Rather than holding inquiries and adding more pages to the already bulging statute book, why not first have a try at enforcing the laws we have already got?

Meanwhile the relentlessly increasing domination of nearly all our lives (not you, Auntie Leslie) by the internet makes the attempt to impose fresh rules on newspapers as relevant as the actions of those courtiers who egged on poor old King Canute to plonk himself in the path of the rising tide.

Yes, I know they call him King Cnut these days, but I couldn't risk a misprint

We need a free and unfettered press that asks awkward questions, highlights injustices and exposes wrongdoers, without outrageously invading the privacy of those who have never sought to be public figures, or otherwise breaking the law. For that to happen, we also need people willing to pay a few pence each day for a newspaper or its online equivalent.

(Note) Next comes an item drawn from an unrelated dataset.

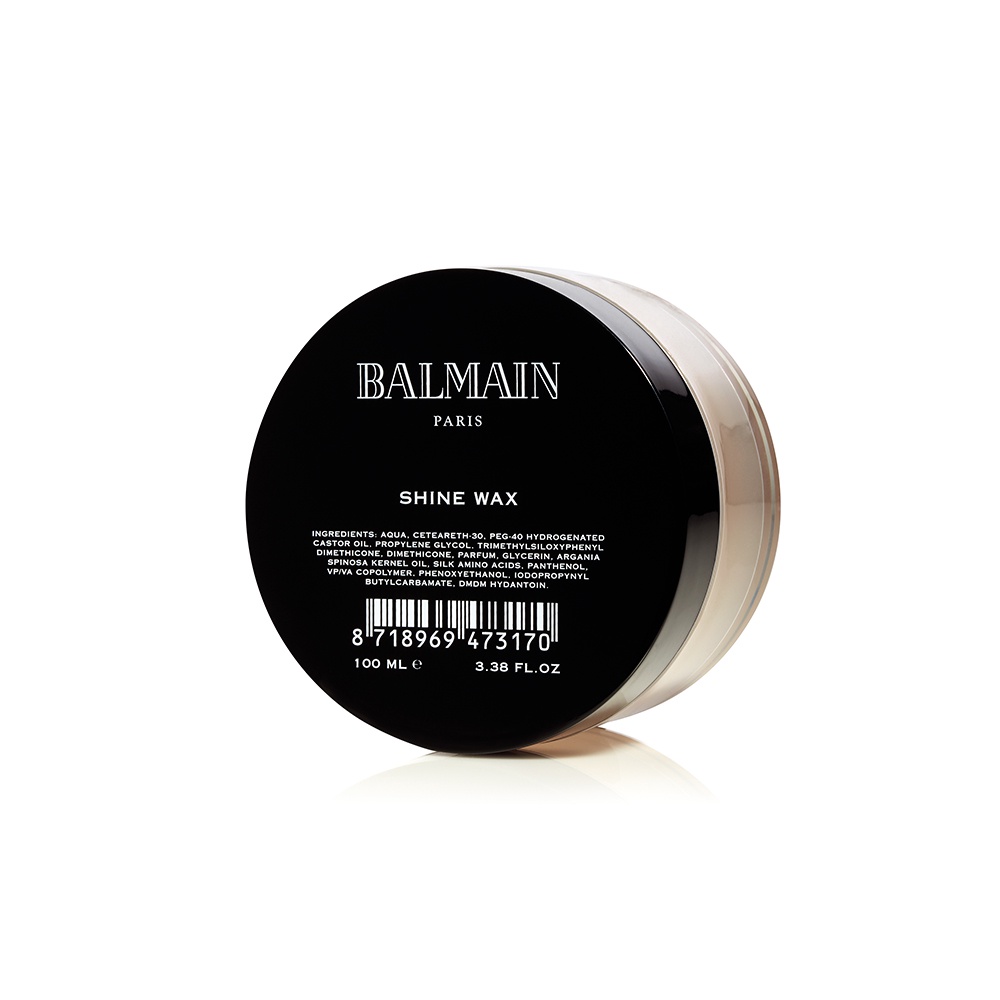 BALMAIN 亮澤髮蠟 SHINE WAX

Becoming a writer was my lifelong ambition, in admittedly lazy recognition of the fact that stringing words together is the only small talent I possess. I am delighted that it is now easier than ever before to get my work published; but considerably less happy that it is also increasingly difficult to make any money by doing so.

Yes, there are J.K. Rowling and that woman who wrote Fifty Shades of Grey, but they are to the mass of authors as lottery jackpot winners are to the other mugs who fork out for a ticket.

In my ideal world, reasonably priced alcohol would be served principally by responsible landlords who would ring a closing bell at 10.30 or 11pm, and send home before then anyone who was clearly the worse for wear.


Those patrons who were not engaged in conversation or traditional pub games would while away their evenings happily reading newspapers, or perhaps my latest book.

The really sad thing is that, well within living memory, something very like that earthly paradise actually existed, and it is never coming back.